* TASK GOAL *
At the line containing "Vina 9 en 1", begin retyping, and stop after the last line of the data; add nothing.

***** STORED DATA *****

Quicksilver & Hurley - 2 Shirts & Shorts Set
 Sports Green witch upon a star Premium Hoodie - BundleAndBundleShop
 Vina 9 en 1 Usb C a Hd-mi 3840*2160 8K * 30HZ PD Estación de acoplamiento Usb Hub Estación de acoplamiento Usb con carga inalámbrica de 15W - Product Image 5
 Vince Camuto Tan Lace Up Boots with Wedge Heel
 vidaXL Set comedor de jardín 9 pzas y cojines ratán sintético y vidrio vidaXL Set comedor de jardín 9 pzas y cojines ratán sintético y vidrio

*****

* EXERCISE SOLUTION *
 Vina 9 en 1 Usb C a Hd-mi 3840*2160 8K * 30HZ PD Estación de acoplamiento Usb Hub Estación de acoplamiento Usb con carga inalámbrica de 15W - Product Image 5
 Vince Camuto Tan Lace Up Boots with Wedge Heel
 vidaXL Set comedor de jardín 9 pzas y cojines ratán sintético y vidrio vidaXL Set comedor de jardín 9 pzas y cojines ratán sintético y vidrio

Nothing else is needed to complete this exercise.